In Part 1 we installed R and used it to create a variable and summarize it using a few simple commands. Today let’s re-create that variable and also create a second variable, and see what we can do with them.
As before, we take height to be a variable that describes the heights (in cm) of ten people. Type the following code to the R command line to create this variable.
height = c(176, 154, 138, 196, 132, 176, 181, 169, 150, 175)
Now let’s take bodymass to be a variable that describes the weight (in kg) of the same ten people. Copy and paste the following code to the R command line to create the bodymass variable.
bodymass = c(82, 49, 53, 112, 47, 69, 77, 71, 62, 78)
Both variables are now stored in the R workspace. To view them, enter:
height bodymass
We can now create a simple plot of the two variables as follows:
plot(bodymass, height)
However, this is a rather simple plot and we can embellish it a little. Type the following code into the R workspace:
plot(bodymass, height, pch = 16, cex = 1.3, col = "red", main = "MY FIRST PLOT USING R", xlab = "Body Mass (kg)", ylab = "HEIGHT (cm)")
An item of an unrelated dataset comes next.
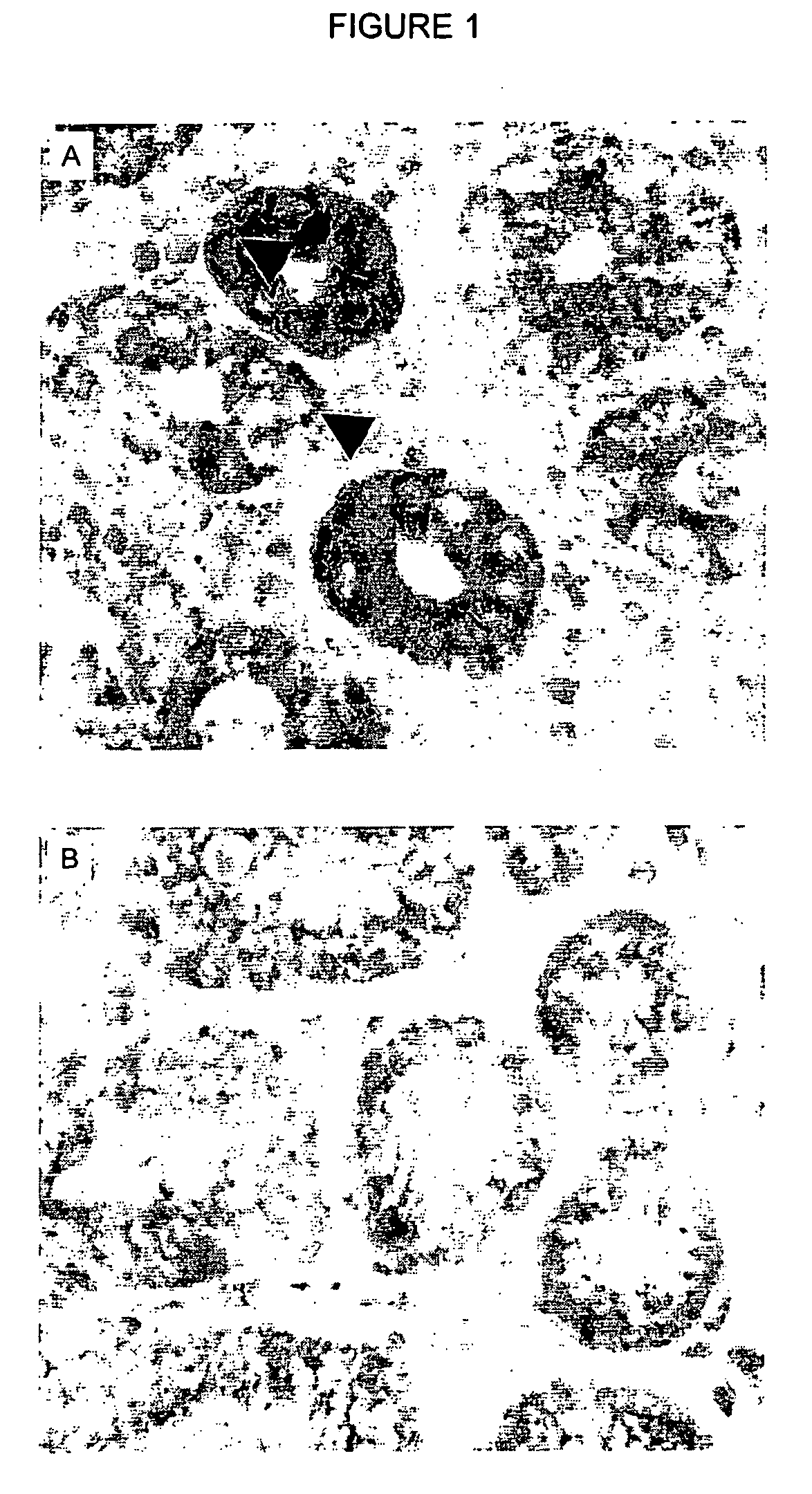 Laminin-5 modulators and uses thereof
[Note: R is very picky about the quotation marks you use. If the font that is displaying this post shows the beginning and ending quotation marks as facing in different directions, it won’t work in R. They both have to look the same–just straight lines. You may have to retype them within R rather than cutting and pasting.]
In the above code, the syntax pch = 16
creates solid dots, while cex = 1.3
creates dots that are 1.3 times bigger than the default (where cex = 1
). More about these commands later.
Now let’s perform a linear regression on the two variables by adding the following text at the command line:
lm(height~bodymass)
We see that the intercept is 98.0054 and the slope is 0.9528. By the way – lm stands for “linear model”.
Finally, we can add a best fit line to our plot by adding the following text at the command line:
abline(98.0054, 0.9528)
None of this was so difficult!
In Part 3 we will look again at regression and create more sophisticated plots.
About the Author: David Lillis has taught R to many researchers and statisticians. His company, Sigma Statistics and Research Limited, provides both on-line instruction and face-to-face workshops on R, and coding services in R. David holds a doctorate in applied statistics.
See our full R Tutorial Series and other blog posts regarding R programming.
Ceri says
My data gives me lm(weight~wing) = -20.2080 0.4871 which when given the command abline(-20.2080, 0.4871) does plot the best fit line. Can you tell me why please?
Dikeledi Moremi says
Dear David
Im very glad to have found your website and hopeful about my struggles with the data i am trying to analyze. I want to do factor analysis for ordinal data which i find very challenging because for me to do this i need to familiarise myself with the R programme.
i have been trying to read on R hoping that i will figure it out but it is not happenning. please i need help.
I have seen that you will be conducting some workshop in December, but im concerned that December is bit late for me since i have a deadline in January. Plus, the allocated time slots may be problematic for me as i am based in South Africa.
I will appreciate any help from you.
Kind Regards
Dikeledi
Karen says
Hi Dikeledi,
I’ll make sure David gets this message, but I wanted to point out that you don’t NEED to use R to get polychoric correlations. SAS can do them as well. I assume Stata can too, although I haven’t checked that out.
If you use SPSS, there is a way to integrate the R command for polychoric correlations using REssentials, which is free to download from SPSS. Exactly how you do it depends on your version of SPSS, and honestly, you may need help from IT to get it to work.
David Lillis says
Hello,
Thank you for pointing out this typo. In Blog 2 the syntax should not be lm(height, weight). Instead it should be:
lm(height~weight)
Sorry about that typo.
Regards,
David
David
Glenys says
Hi David. I am brand new to R and use a Mac (OSX 10.7.5). In following the instructions above, the lm(height, weight) command did not work. The correct syntax seems to be lm(height~weight). Is this specific to R on a Mac? If so, are there many syntax differences between the PC & Mac versions of R? Many thanks.